§ **Exercise prompt**: Write out, from the entries below, exactly the lines that run between the lines holding "Erhan Möbelset För" and "Eco-Sound Tamperproof Blazemaster", inclusive, and stop there.

§ **Task material**:

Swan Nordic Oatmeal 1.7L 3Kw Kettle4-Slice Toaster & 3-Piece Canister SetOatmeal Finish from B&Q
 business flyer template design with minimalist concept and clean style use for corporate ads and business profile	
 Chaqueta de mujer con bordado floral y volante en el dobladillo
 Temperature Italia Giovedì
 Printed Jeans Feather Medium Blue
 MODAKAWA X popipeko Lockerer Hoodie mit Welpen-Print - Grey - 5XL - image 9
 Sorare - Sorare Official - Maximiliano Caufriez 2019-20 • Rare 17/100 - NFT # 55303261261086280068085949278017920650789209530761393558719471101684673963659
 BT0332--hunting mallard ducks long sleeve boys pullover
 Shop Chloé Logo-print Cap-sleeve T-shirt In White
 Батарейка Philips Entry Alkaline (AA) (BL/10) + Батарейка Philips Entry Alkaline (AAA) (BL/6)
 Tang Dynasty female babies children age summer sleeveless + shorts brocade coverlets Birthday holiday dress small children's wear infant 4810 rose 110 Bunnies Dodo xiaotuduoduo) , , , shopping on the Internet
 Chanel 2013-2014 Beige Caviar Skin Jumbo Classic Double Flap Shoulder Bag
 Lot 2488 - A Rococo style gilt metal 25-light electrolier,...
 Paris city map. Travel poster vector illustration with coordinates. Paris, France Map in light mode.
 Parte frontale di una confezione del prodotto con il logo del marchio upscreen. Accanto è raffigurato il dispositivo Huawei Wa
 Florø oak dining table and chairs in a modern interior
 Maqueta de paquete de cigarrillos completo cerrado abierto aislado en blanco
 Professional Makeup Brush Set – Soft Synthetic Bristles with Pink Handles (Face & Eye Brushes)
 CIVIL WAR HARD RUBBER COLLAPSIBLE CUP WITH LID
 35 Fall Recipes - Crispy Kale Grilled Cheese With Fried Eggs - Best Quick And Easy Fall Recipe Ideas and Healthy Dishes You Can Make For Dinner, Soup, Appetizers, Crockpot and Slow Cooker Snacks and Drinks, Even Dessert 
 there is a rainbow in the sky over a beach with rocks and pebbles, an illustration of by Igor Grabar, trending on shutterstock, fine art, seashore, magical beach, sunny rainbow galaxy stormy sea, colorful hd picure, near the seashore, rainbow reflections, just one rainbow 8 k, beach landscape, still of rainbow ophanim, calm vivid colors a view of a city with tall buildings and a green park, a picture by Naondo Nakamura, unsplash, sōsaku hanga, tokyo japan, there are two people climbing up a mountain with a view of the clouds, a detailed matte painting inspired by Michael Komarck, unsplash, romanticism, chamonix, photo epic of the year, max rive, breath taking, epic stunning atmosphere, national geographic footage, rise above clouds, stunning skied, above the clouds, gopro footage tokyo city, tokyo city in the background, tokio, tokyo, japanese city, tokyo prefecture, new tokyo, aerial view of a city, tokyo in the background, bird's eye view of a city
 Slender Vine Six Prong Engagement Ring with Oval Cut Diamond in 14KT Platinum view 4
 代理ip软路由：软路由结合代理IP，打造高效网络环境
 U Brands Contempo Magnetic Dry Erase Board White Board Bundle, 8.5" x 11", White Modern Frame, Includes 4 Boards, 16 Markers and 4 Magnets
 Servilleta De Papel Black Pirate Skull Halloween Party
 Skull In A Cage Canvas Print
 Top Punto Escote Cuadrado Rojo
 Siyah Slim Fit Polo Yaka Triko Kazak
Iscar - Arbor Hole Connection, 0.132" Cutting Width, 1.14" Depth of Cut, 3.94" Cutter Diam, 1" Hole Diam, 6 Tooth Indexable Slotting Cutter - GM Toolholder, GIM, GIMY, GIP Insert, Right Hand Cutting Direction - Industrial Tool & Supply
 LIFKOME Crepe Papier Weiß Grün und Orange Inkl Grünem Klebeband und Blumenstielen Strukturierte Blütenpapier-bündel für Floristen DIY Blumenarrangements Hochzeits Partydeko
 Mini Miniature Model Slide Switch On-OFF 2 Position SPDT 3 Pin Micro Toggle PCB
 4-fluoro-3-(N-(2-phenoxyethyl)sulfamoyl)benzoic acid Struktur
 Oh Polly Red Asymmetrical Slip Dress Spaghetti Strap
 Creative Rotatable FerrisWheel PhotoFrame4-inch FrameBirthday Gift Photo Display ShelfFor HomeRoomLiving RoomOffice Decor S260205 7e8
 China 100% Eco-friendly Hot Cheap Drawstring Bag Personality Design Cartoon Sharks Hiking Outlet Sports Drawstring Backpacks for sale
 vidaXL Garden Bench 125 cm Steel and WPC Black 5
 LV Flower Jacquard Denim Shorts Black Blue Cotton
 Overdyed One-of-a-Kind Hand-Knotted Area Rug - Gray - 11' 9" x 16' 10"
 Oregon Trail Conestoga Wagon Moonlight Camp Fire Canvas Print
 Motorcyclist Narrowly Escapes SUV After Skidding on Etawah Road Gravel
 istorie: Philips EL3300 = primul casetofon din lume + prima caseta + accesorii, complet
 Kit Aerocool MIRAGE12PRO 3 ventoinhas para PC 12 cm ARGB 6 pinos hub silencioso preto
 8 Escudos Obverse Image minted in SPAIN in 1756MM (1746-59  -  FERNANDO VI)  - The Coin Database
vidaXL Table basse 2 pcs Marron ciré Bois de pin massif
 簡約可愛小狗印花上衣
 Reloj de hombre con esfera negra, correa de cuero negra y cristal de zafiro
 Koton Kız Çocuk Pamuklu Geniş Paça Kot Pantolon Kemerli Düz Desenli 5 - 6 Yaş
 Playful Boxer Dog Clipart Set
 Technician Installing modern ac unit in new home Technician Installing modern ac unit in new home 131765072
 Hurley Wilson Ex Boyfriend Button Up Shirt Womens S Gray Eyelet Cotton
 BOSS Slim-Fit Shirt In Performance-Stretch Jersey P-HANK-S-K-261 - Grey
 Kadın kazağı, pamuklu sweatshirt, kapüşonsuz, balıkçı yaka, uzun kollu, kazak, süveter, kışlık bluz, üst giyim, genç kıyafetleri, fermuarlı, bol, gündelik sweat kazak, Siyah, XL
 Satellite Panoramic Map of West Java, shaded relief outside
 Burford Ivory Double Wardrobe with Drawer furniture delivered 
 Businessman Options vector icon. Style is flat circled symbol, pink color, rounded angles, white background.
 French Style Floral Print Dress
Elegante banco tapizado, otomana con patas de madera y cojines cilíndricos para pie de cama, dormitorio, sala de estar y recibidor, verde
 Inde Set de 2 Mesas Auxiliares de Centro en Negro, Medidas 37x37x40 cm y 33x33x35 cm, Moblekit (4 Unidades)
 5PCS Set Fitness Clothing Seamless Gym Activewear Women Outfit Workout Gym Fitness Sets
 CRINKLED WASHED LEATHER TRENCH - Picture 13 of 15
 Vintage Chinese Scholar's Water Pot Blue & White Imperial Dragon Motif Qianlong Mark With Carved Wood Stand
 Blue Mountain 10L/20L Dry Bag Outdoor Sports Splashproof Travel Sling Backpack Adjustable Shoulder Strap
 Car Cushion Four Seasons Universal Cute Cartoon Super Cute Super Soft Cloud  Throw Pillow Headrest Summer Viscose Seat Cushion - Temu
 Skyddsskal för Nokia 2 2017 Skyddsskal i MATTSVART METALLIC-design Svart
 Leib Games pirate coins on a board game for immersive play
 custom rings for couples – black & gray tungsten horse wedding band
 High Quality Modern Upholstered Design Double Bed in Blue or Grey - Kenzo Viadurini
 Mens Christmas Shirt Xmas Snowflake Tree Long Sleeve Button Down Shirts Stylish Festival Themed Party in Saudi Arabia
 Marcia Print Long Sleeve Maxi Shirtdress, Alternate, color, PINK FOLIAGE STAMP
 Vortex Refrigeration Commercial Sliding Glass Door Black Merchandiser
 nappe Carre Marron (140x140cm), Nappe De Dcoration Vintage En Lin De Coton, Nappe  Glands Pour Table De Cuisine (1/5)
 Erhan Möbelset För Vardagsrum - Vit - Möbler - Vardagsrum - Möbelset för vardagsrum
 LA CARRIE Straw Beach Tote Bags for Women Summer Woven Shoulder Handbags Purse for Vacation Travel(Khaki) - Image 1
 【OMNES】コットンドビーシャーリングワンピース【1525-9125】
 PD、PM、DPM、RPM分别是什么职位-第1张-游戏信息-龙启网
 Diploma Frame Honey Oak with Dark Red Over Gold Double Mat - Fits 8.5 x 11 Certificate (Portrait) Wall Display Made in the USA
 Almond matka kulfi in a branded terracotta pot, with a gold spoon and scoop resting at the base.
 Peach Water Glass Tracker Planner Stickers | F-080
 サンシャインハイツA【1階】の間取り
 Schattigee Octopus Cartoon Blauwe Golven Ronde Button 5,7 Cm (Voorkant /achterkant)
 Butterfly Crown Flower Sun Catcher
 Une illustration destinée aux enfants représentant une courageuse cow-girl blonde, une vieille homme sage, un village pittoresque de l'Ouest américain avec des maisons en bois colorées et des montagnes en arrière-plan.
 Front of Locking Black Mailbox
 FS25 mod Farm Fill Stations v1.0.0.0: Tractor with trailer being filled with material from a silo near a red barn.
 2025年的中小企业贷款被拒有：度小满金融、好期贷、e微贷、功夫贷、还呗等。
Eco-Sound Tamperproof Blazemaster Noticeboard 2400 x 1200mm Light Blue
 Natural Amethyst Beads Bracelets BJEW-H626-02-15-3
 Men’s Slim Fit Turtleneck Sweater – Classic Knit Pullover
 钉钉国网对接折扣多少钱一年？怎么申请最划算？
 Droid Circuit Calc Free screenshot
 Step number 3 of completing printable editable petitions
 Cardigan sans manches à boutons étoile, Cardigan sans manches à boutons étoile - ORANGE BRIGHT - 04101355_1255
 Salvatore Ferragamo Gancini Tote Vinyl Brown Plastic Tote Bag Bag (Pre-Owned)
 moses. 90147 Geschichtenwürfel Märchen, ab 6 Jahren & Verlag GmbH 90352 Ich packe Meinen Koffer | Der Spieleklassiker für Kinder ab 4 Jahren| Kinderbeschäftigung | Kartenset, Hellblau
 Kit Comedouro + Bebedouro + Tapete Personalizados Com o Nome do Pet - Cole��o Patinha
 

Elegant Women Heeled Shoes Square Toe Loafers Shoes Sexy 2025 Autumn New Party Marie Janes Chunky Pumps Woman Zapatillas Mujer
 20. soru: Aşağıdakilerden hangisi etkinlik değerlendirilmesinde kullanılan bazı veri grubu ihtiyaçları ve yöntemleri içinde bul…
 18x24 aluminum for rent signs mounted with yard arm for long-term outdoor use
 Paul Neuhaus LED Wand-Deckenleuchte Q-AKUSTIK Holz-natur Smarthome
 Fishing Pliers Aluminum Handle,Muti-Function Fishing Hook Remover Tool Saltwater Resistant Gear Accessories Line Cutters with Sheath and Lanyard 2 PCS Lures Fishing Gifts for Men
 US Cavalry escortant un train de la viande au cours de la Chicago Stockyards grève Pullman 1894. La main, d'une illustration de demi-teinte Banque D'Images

§ **Solution to the exercise**:
 Erhan Möbelset För Vardagsrum - Vit - Möbler - Vardagsrum - Möbelset för vardagsrum
 LA CARRIE Straw Beach Tote Bags for Women Summer Woven Shoulder Handbags Purse for Vacation Travel(Khaki) - Image 1
 【OMNES】コットンドビーシャーリングワンピース【1525-9125】
 PD、PM、DPM、RPM分别是什么职位-第1张-游戏信息-龙启网
 Diploma Frame Honey Oak with Dark Red Over Gold Double Mat - Fits 8.5 x 11 Certificate (Portrait) Wall Display Made in the USA
 Almond matka kulfi in a branded terracotta pot, with a gold spoon and scoop resting at the base.
 Peach Water Glass Tracker Planner Stickers | F-080
 サンシャインハイツA【1階】の間取り
 Schattigee Octopus Cartoon Blauwe Golven Ronde Button 5,7 Cm (Voorkant /achterkant)
 Butterfly Crown Flower Sun Catcher
 Une illustration destinée aux enfants représentant une courageuse cow-girl blonde, une vieille homme sage, un village pittoresque de l'Ouest américain avec des maisons en bois colorées et des montagnes en arrière-plan.
 Front of Locking Black Mailbox
 FS25 mod Farm Fill Stations v1.0.0.0: Tractor with trailer being filled with material from a silo near a red barn.
 2025年的中小企业贷款被拒有：度小满金融、好期贷、e微贷、功夫贷、还呗等。
Eco-Sound Tamperproof Blazemaster Noticeboard 2400 x 1200mm Light Blue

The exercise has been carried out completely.